The ISMIP6 team determined that the melting water of the Greenland ice sheet would lead to an additional sea level rise of on average 9 cm, with an uncertainty of ± 5 cm, by 2100 in a high-emission scenario. In the lower emissions scenario, the ice sheet loss is likely to increase the global sea level by about 3 cm, with an uncertainty of about ± 1.5 cm. This rise comes on top of the 6 mm sea level rise that is already unavoidable due to the global warming that has accumulated since the beginning of the Industrial Revolution.
The ISMIP6 team also analysed the Antarctic ice sheet, which is much more difficult to project. In West Antarctica, warm ocean currents are melting the bottom of large, floating ice shelves, while the huge East Antarctic ice sheet may gain in mass as warmer temperatures are increasing snowfall there. It’s why their results cover a wider range of possibilities: from a 30 cm rise in sea level by 2100, to a drop of 8 cm. The regional projections show the greatest impact in West Antarctica, with a sea level rise of up to 18 cm by 2100 in the warmest conditions. For both ice sheets, the projections range between 0 and 20 cm in the low-emissions scenario, and -4 to +44 cm in the high-emissions scenario.

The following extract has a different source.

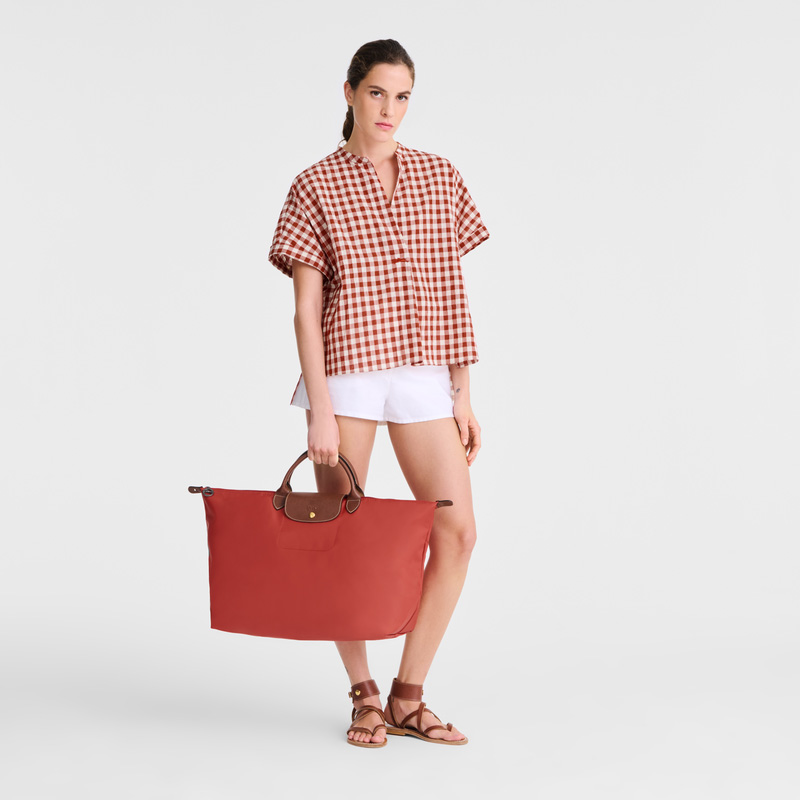Longchamp | Le Pliage Original L Travel bag Tomato - Recycled canvas | Tomato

How should we interpret these results?
“Observations from the last 40 years are close to, and even slightly above, the upper limit of the model results for the high emissions scenario. Failure to significantly reduce greenhouse gas emissions in the short term makes the sea level rise close to the maximum projected in the ISMIP6 study a possible outcome. The low emissions scenario assumes that the targets to keep warming below 2°C, as outlined in the Paris Climate Agreement, are met. In that case, it is even possible that the contribution from both ice sheets together will be close to zero as the increased snowfall in Antarctica might still compensate for increased melting in Greenland”, says Philippe Huybrechts.
The results of this study will be used in the sixth IPCC report, to be published in 2022.